Supergranular Fractal Dimension and Solar Rotation

TL;DR

This study investigates how the fractal dimension of solar supergranulation varies with latitude and solar rotation, revealing that rotation influences boundary irregularity and cell size, with implications for understanding solar dynamics.

Contribution

It demonstrates the relationship between solar rotation, supergranular boundary irregularity, and cell size using spectroheliographic data from solar cycle 23.

Findings

Fractal dimension decreases from 1.37 at the equator to 1 at 20° latitude.

Solar rotation affects supergranular boundary irregularity.

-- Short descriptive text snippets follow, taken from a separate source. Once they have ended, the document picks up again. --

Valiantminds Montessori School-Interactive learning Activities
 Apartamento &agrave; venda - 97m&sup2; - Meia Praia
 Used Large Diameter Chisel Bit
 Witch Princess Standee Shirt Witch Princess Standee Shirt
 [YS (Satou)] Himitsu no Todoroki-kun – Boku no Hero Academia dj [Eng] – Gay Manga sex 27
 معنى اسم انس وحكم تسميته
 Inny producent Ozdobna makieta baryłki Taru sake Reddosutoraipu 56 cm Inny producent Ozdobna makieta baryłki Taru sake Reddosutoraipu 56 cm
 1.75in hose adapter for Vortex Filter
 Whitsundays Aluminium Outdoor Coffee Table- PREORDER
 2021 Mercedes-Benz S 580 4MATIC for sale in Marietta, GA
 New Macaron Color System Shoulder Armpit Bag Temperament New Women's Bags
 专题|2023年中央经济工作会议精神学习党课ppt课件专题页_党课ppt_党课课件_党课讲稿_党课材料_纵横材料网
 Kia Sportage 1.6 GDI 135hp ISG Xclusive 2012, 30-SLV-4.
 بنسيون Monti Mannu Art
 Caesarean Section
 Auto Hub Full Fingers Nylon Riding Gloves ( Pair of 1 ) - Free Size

Cell size correlates with fractal dimension and is influenced by rotation.

Abstract

We present findings from an analysis of the fractal dimension of solar supergranulation as a function of latitude, supergranular cell size and solar rotation, employing spectroheliographic data in the Ca II K line of solar cycle no. 23. We find that the fractal dimension tends to decrease from about 1.37 at the equator to about 1 at 20 degree latitude in either hemisphere, suggesting that solar rotation rate has the effect of augmenting the irregularity of supergranular boundaries. Considering that supergranular cell size is directly correlated with fractal dimension, we conclude that the mechanism behind our observation is that solar rotation influences the cell outflow strength, and thereby cell size, with the latitude dependence of the supergranular fractal dimension being a consequence thereof.